Bank officials said all ATMs should start functioning tomorrow on Saturday. Photograph: (Reuters)
The crowds at many of the machines grew increasingly agitated
Queues outside banks grew longer as did confusion and chaos, with all cash vending machines still not functioning despite a two-day break for stocking up new currency notes.
People waited for hours to get the cash needed to meet their daily expenses as most prevalent higher denomination currency notes of Rs 500 and Rs 1000 were declared invalid.
ATMs, which reopened two days after Prime Minister Narendra Modi announced demonetisation of the two biggest currency notes, had people queueing up since early morning.
But not all of them were operating and the crowds at many of the machines grew increasingly agitated on learning that they were still inactive.
Bank officials said all ATMs should start functioning by tomorrow after old notes are removed and new Rs 500 and Rs 2000 ones stocked in them.
However, withdrawal from ATMs is limited to a maximum of Rs 2,000 per card in a day up to November 18, 2016. The limit will be raised to Rs 4,000 per day per card from November 19, 2016 onwards, bankers said.
State Bank of India, the nation's largest lender, said it could take 10 days for ATM services to settle down to normal.
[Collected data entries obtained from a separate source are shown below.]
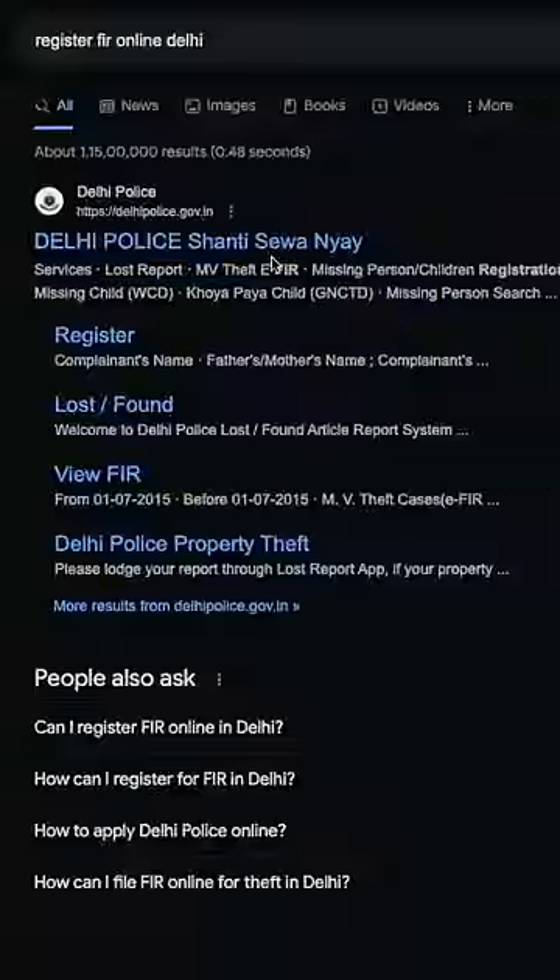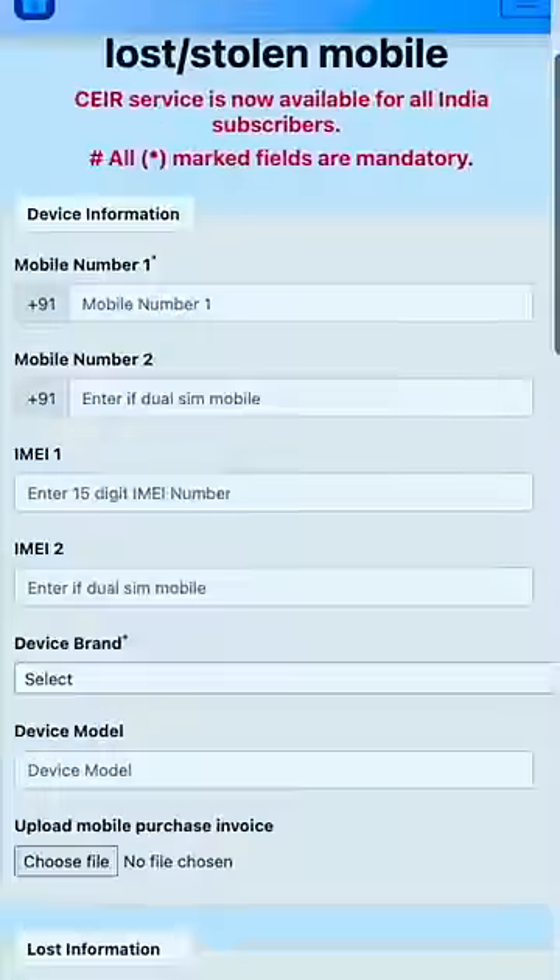First of all, you have to register for FIR. You have to register for FIR's photo, and you have to register on the government's website. You have to put all the details on it. You have to ask for the mobile number, and don't give it to your phone.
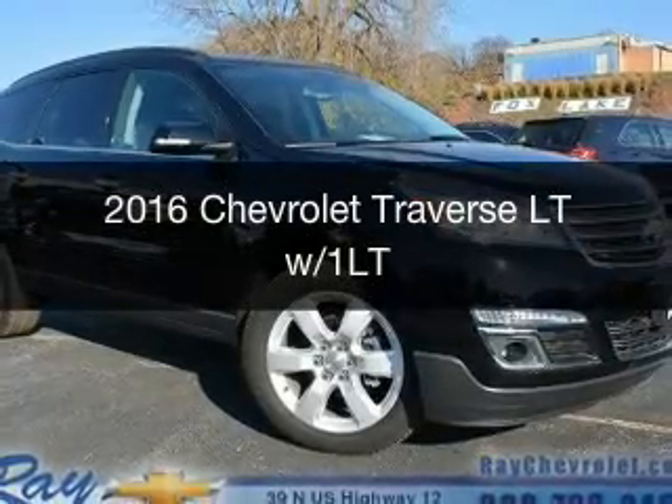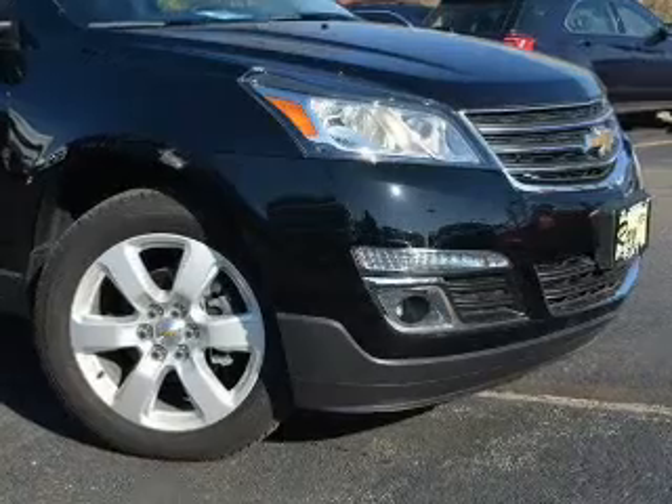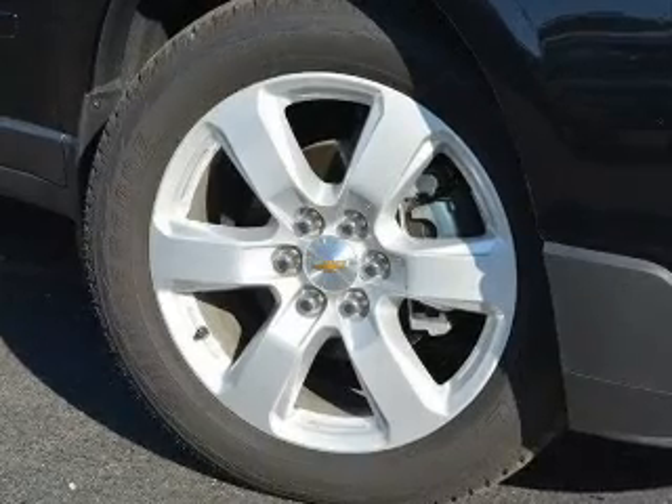This is a new 2016 Chevrolet Traverse. It's powered by all-wheel drive, a 3.6-liter six-cylinder engine, and a six-speed automatic transmission.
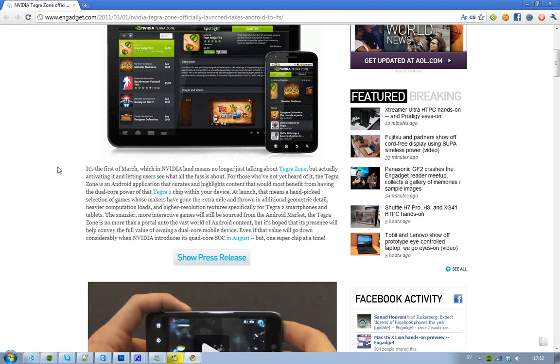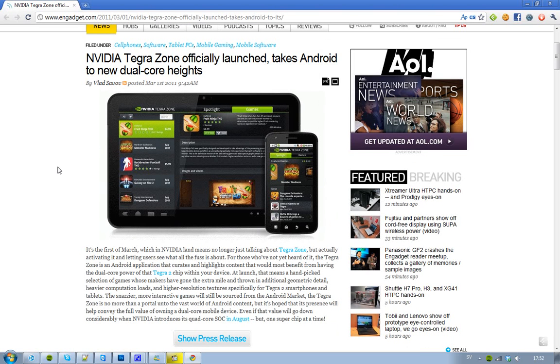But now they've finally activated it and they've been letting users try it out. Basically, what this TegraZone is — it's for those guys who bought their new smartphones and tablets with the new Tegra 2 processor. This Tegra 2 processor from NVIDIA is basically a dual-core processor, so you have one CPU but two cores or something like that. It's for all of those devices that have these new Tegra 2 chips, because in this TegraZone you will find the games that would benefit the most from having dual-core power.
There are nearly 2 lakh ATMs in the country. Many of them are configured to dispense only Rs 500 or Rs 1,000 notes and cannot dispense Rs 100 or Rs 2000 notes, so they have to be reconfigured too.
Yesterday, when banks opened after a day's break, millions rushed to deposit and swap Rs 500 and Rs 1,000 notes.
Only a maximum of Rs 4,000 per person was being exchanged at banks and select post offices.
Banks opened additional counters to exchange notes as also allow withdrawal from bank accounts through cheque or withdrawal slips with a ceiling of Rs 10,000 in a day within an overall limit of Rs 20,000 in a week (including withdrawals from ATMs) for the first fortnight i.e. Up to November 24.
Interestingly, today is the last date for old notes to be accepted as payment for water and electricity bills, government penalties, and at state-run petrol pumps, government hospitals, metros and railway tickets.
After midnight tonight, even these utility payments would have to be done in either lower denomination currency or in new currency notes, which will add to the pressure on banks and ATMs.
Banks will work on weekend and till at least 7 pm on these days to cater to the rush.